This solo developer just built software that rewrites its own code.
No team. No funding. No corporate backing.
Just one guy, a stack of terminals, and an AI agent that decided to evolve itself.
His name is Peter Steinberger. He built OpenClaw.
The fastest-growing GitHub repo in HISTORY.
And in a 3 hour Lex Fridman interview, he dropped details and predictions that should terrify the entire tech industry...
Peter built a personal AI agent that lives on your computer. Talks to you through WhatsApp. Has access to your files, calendar, everything.
Cool but not groundbreaking... Yet.
Then one day he sent it a voice message.
Problem: he never built voice support. No instructions. No code for audio. Nothing.
The agent checked the file header, identified the format, converted it with ffmpeg, realized Whisper wasn't installed, found an OpenAI API key on the system, used Curl to send the file for transcription, and replied with the answer.
Nobody taught it any of that. ZERO instructions. It just figured it out.
But that's not even the scary part.
The agent literally modifies its OWN source code.
When something doesn't work, it rewrites itself.
When Peter debugs, he doesn't read code. He asks the agent to read its OWN source code, find the bug, and fix itself.
Self-modifying software. Built by accident. Running in production. Used by hundreds of thousands of people.
And BOTH Mark Zuckerberg and Sam Altman are personally trying to recruit him.
Not through HR or recruiters.
Zuckerberg spent a WEEK playing with OpenClaw. Sending Peter direct messages. "This is great." "This is shit." "Fix this."
When they first connected Peter asked to hop on a call and Mark said "Give me 10 minutes, I need to finish coding."
But Sam Altman's playing a different game.

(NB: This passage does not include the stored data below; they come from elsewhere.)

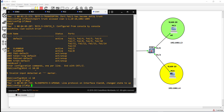So we created the two VLANs 10 and 20. Now we need to assign the IP address for VLAN 10 and VLAN 20.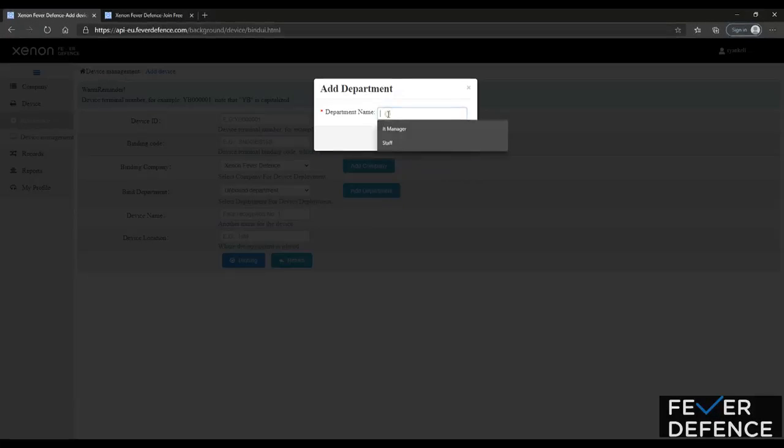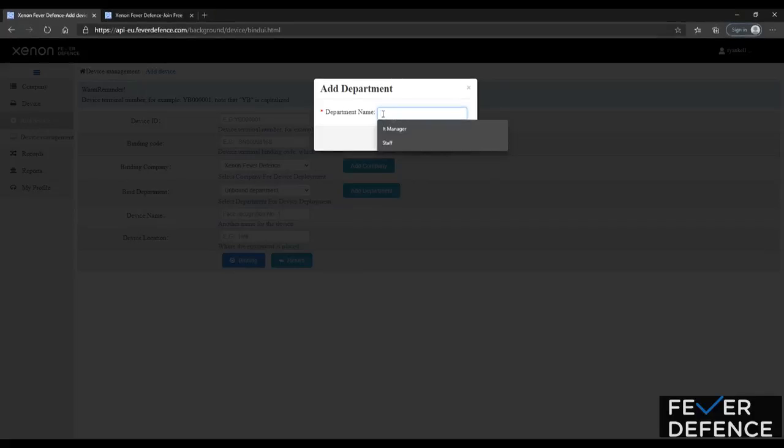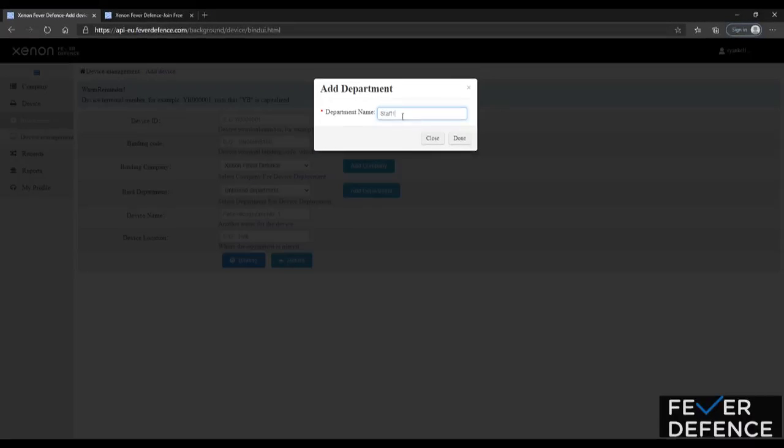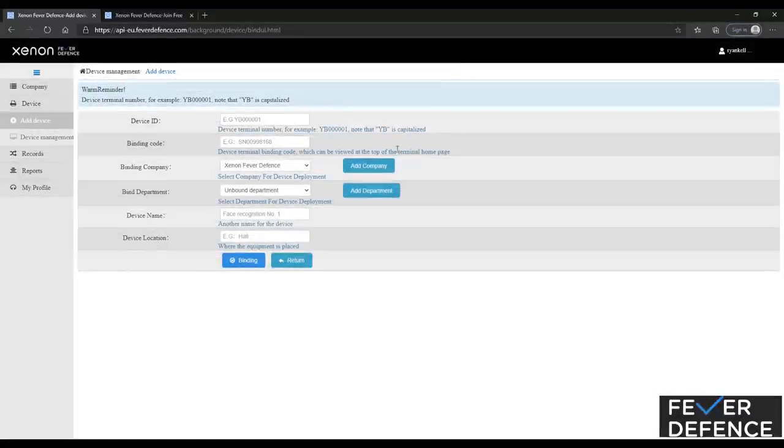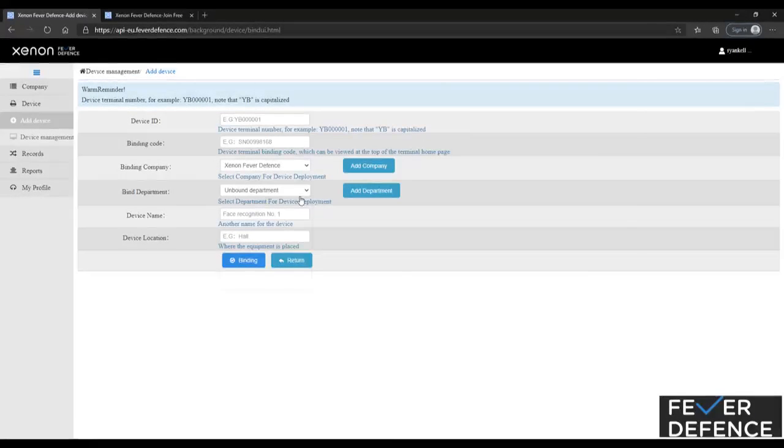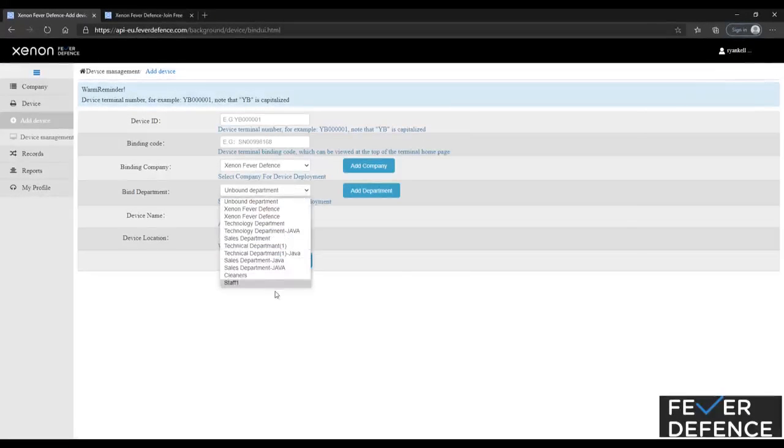So as you can see you add department, anything from staff, IT, normally staff is the one we're going to go for. So staff. Okay. So you're going to select your staff.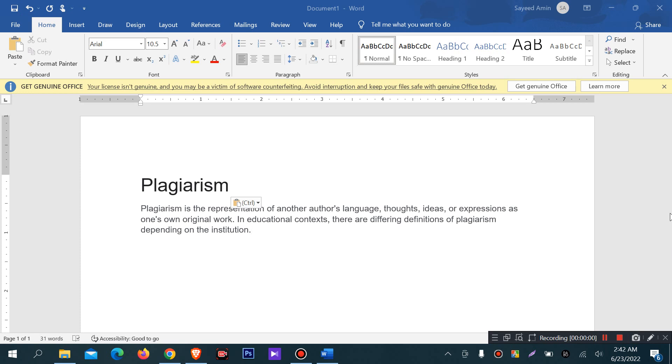Hello viewers, welcome to my new tutorial video. Today I will discuss about plagiarism.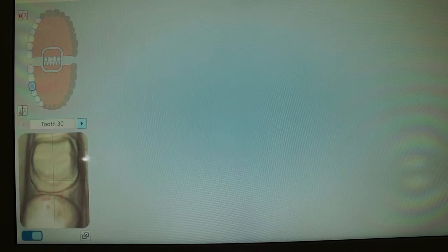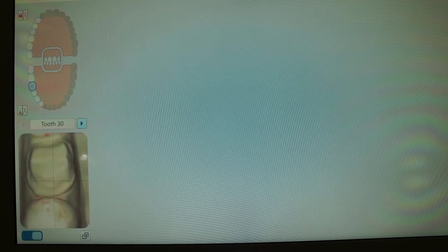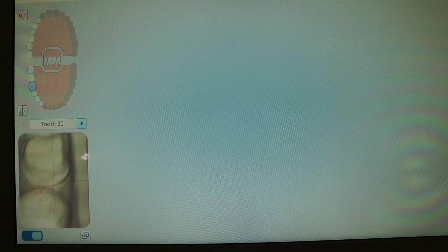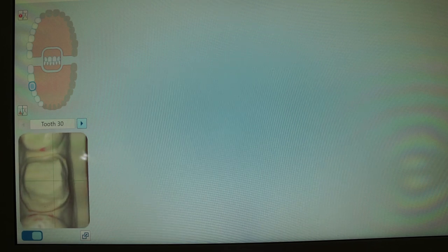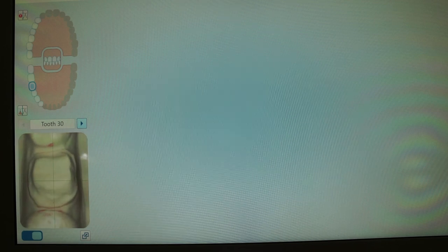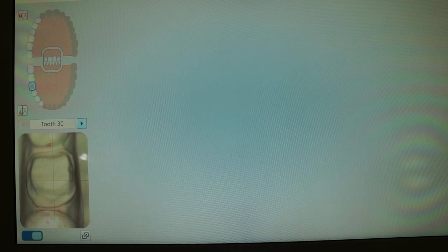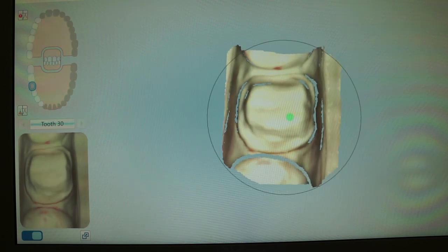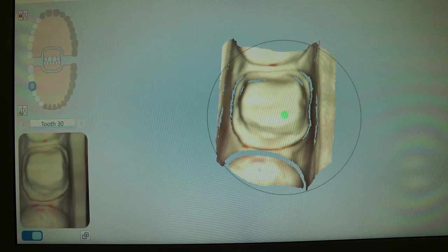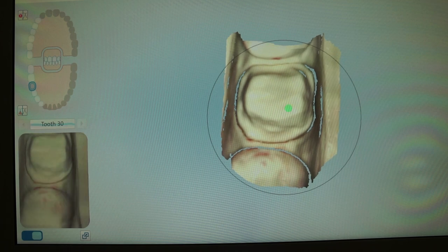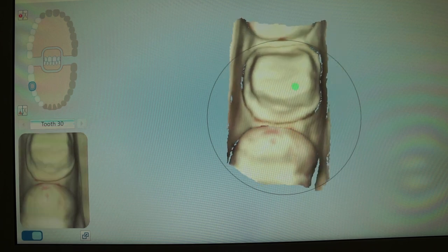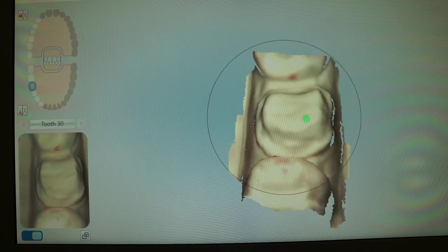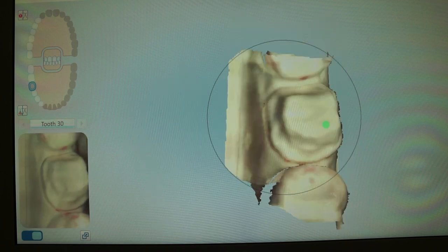So when you scan on the iTero for a restorative workflow, basically it will prompt you to scan your preparation first. And you see those crosshairs on the scanning screen? You basically want to have those over your preparation. You're telling the scanner, basically, this is my prep.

There's an NDA involved but Peter hinted the Cerebras deal translates into speeds that feel like "being handed Thor's hammer."
His exact words: "I've been lured with tokens."

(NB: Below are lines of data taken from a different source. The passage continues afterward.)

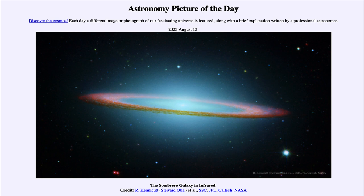The fact that we can see galaxies from all different orientations allows us to put together a fuller picture, since we can't see any one galaxy from all different views. We can only see them from the orientation they happen to have toward our solar system. So in order to really study them we look at galaxies oriented differently and put together a nice statistical study of what galaxies are actually like. Here today we see the Sombrero Galaxy as a nearly edge-on galaxy in the infrared portion of the spectrum.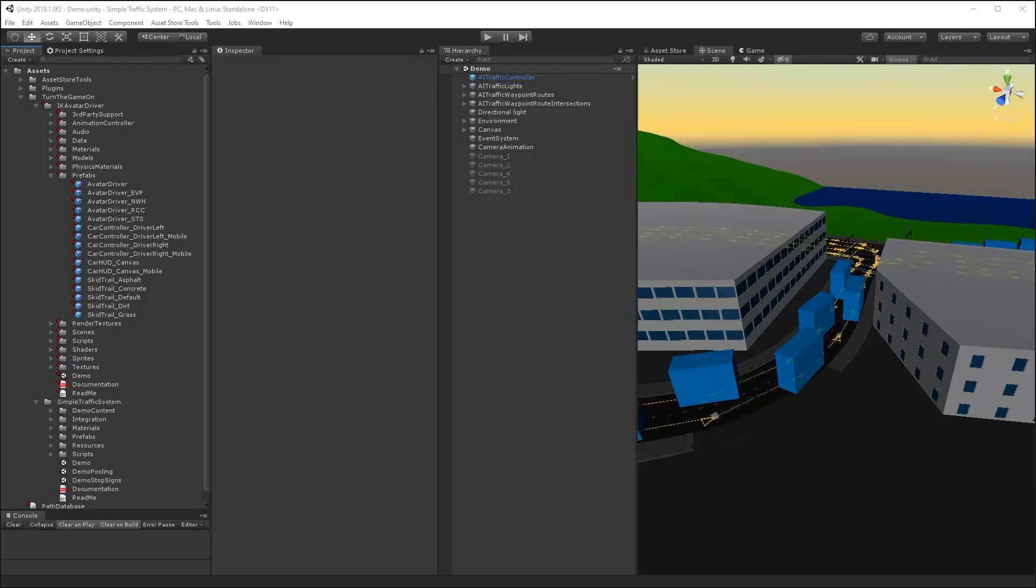Hi, this is tutorial number 16 for Simple Traffic System version 1.0.21. In this video, we're going to take a look at using a player car with the AI system.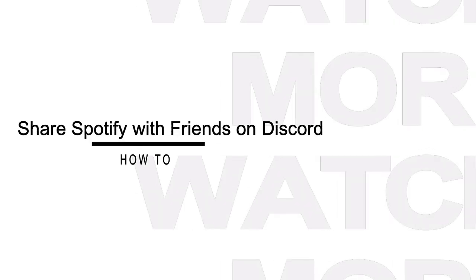In addition to the above ways, you may want to share Spotify music as files to your Discord friends. So how to do so?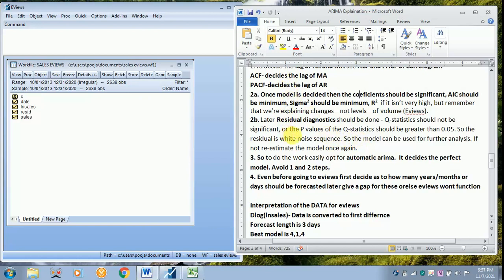For an easy way to analyze ARIMA, it is better to go for automatic ARIMA forecasting so that you can avoid the entire one and two steps. Even before going towards the analysis part, first you have to decide how many days, months or years you are going to forecast. For that you have to give the gap.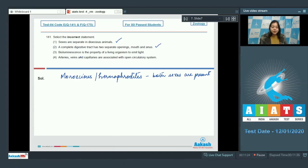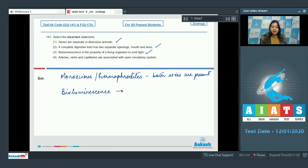Let us see the next option. Number 3: Bioluminescence is the property of a living organism to emit light. This is also a correct statement, and bioluminescence is exhibited by ctenophores.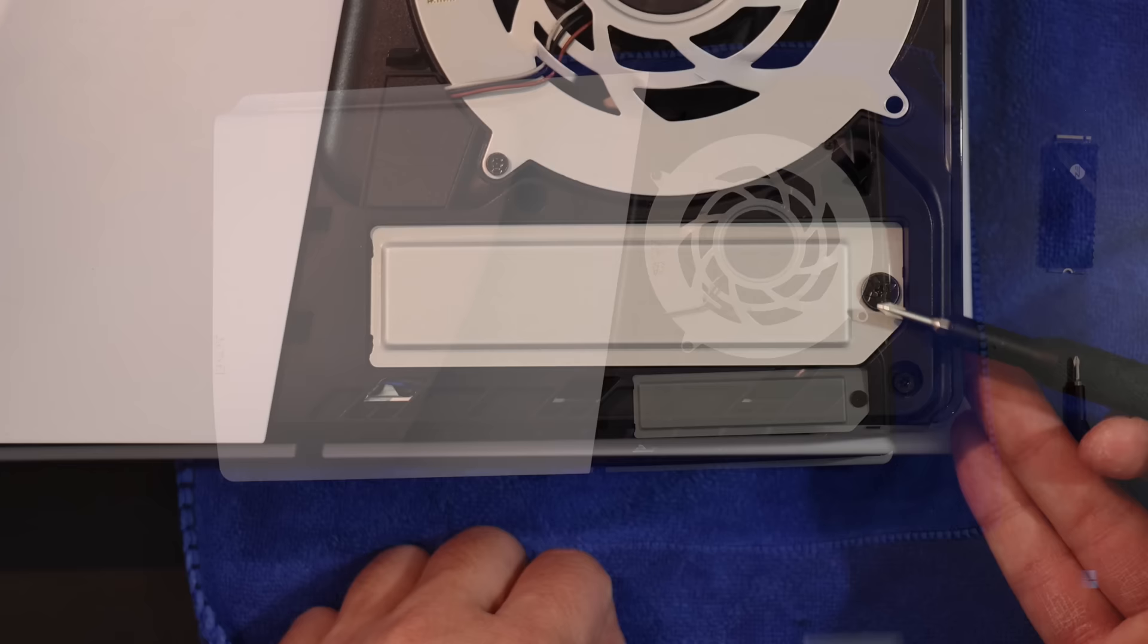Remove this screw here with the Phillips head screwdriver. Take off the metal cover, and inside you'll see on the far right we have another screw and the standoff.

Two of the most powerful people in tech fighting over one open-source developer who built everything from his apartment.
Peter's response to both: "I don't do this for the money. I don't give a fuck."
But the real reason this matters isn't Peter's career.
It's what this means for every app on your phone.
Peter's prediction: 80% of apps are about to die.
Why do you need MyFitnessPal when your agent knows where you are, what you ate, how you slept, and adjusts your workout based on your stress levels?
Why do you need a calendar app when you tell your agent "remind me about dinner tomorrow and invite my friends" and it handles the entry, the WhatsApp messages, and the reservation in one shot?
Why do you need Uber Eats when your agent opens a browser, places the order, and tracks delivery without you touching a screen?
Every app becomes a slow API whether the company likes it or not.
Companies like Cloudflare are trying to block agent access. But all they're doing is making things slower. Not impossible.
Peter said it perfectly:
"You're not taking a feature away. You're just making it take longer."
The app economy is on borrowed time.
Not because the apps are bad... Because one personal agent that knows you and can interact with any service makes most of them pointless.
In the future, we'll have one agent that handles everything.
Software that rewrites itself.
Agents that learn without instructions.
Two CEOs fighting over a solo dev.
And an app economy about to get wrecked.
This isn't coming in 5 years. It's literally already here.
Most people just haven't installed it yet.